En premier lieu, il s’agissait, pour Halim Zedam, l’adaptateur-metteur en scène, de tirer de cette courte pièce un spectacle de 50 mn, sachant qu’elle n’est constituée que d’un acte et que, telle qu’elle, elle ne peut durer que 20 mn. 

En second lieu, et difficulté des non moindres, cette pièce repose sur un comique de caractère plus malaisément développable qu’une pièce de comique de situation.

En effet, ce dernier prend appui plus avantageusement sur une intrigue fonctionnant sur le malentendu et le quiproquo plutôt qu’une peinture de caractères qui, elle, ne peut se coupler qu’à d’autres comiques (de gestes, de mots, d’exagération, etc.) qui ne peuvent être sollicités qu’avec une extrême sagacité de façon à ne pas basculer dans les rets d’une épaisse farce, charriant une mécanique comique lourde et redondante.

El khotba suit Saci, un jeune propriétaire terrien, dans ses rapports avec Chakhchoukha, le père de Souad chez lequel il s’est présenté pour demander la main de cette dernière.
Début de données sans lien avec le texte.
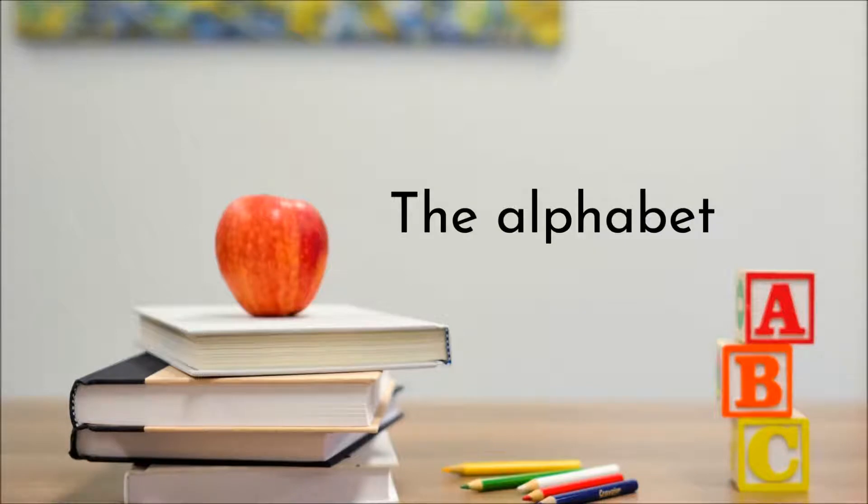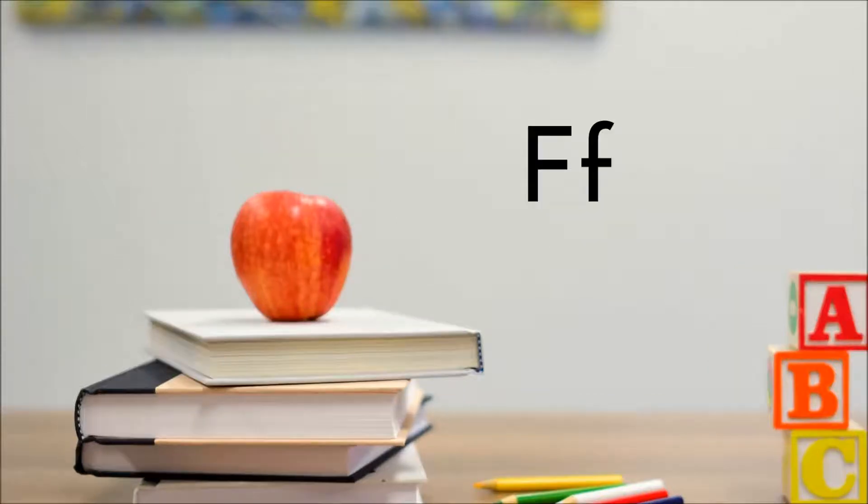Hello everyone and welcome to Learn with Mrs. Nackley. We will be looking at the alphabet, learning letter names and sounds that go with those letters. Today we will focus on the letter F, which makes the F sound.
Sauf que lui, tout autant que ses hôtes, est d’une susceptibilité maladive. Il s’ensuit un conflit aigu sur des questions accessoires qui n’ont aucun rapport avec l’objet de sa visite. Tous s’emportent sans l’avoir abordé. On s’invective copieusement.

Le comique, dans la pièce de Tchékhov, nait précisément de l’impossibilité pour les personnages de se maîtriser, la jeune fille, son prétendant et son père étant des querelleurs impénitents.
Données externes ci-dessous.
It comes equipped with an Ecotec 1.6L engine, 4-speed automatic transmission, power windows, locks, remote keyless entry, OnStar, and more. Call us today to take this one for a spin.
Eviter de fourvoyer le spectacle dans une verbosité injustifiée au plan dramaturgique, par un développement de la durée du spectacle par l’élongation des dialogues, constitue un impératif de manière à ne pas nuire au rythme des interactions devant être obligatoirement rapides comme il sied dans le théâtre comique.
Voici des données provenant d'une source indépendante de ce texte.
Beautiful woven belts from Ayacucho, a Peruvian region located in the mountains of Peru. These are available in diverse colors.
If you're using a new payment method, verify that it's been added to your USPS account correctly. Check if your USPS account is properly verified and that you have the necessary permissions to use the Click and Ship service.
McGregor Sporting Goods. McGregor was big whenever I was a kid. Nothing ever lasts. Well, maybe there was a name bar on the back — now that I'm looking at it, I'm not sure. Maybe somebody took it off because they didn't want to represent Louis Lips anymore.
De cette faiblesse, l’équipe théâtrale s’est rendu compte au fil de ce début de rodage du spectacle. Halim Zedam est sur l’ajout d’une dixième scène, dont l’amorce clôt la neuvième. Il y a là la promesse que soient contrés le fâcheux verbiage et le sur-jeu chez les comédiens, les deux bâts qui alourdissent la représentation. 

Dans l’incarnation de leurs personnages par les comédiens, Reda Takherist, dans l’équivalent du rôle de Stépane Stépanovitch Tchéboukof, un veuf gentilhomme campagnard chez Tchékhov, a fait la preuve de son métier en tirant son épingle du jeu. C’est que Reda, avec Hamdane Boumad, a été l’une des figures saillantes de la scène théâtrale à Miliana, lorsque les journées théâtrales de cette ville avaient détrôné le festival de théâtre amateur de Mostaganem dans les années 1990.

Fatiha Ouarad, en fille de Chakhchoukha, est inégale dans le modèle de Natalia Stépanovna, se révélant à certains moments en phase avec la vérité de son personnage. Elle fait la démonstration de ses talents de comédienne, particulièrement lorsqu’elle est face à Réda. Mais elle perd pied plutôt en présence d’Ahmed Beghalia, dans le personnage de Saci, le pendant d’Ivan Vassiliévich Lomof.

C’est dire si le spectacle est perfectible au fur et à mesure d’une entreprise qui a la particularité d’être innovante dans la production des coopératives théâtrales pour avoir réuni des artistes d’horizons géographiques très éloignés (Oran, Milana, Bordj Bou Arréridj et Béjaïa).

En effet, avec l’esprit troupe qui devrait naître de cette aventure entre ses partenaires, et la complicité qu’il entraîne entre les uns et les autres de la distribution, nul doute que cette expérience risque de faire avantageusement tache d’huile chez les coopératives comme cela existe dans les castings qu’opèrent les théâtres d’État dans le montage de leurs spectacles.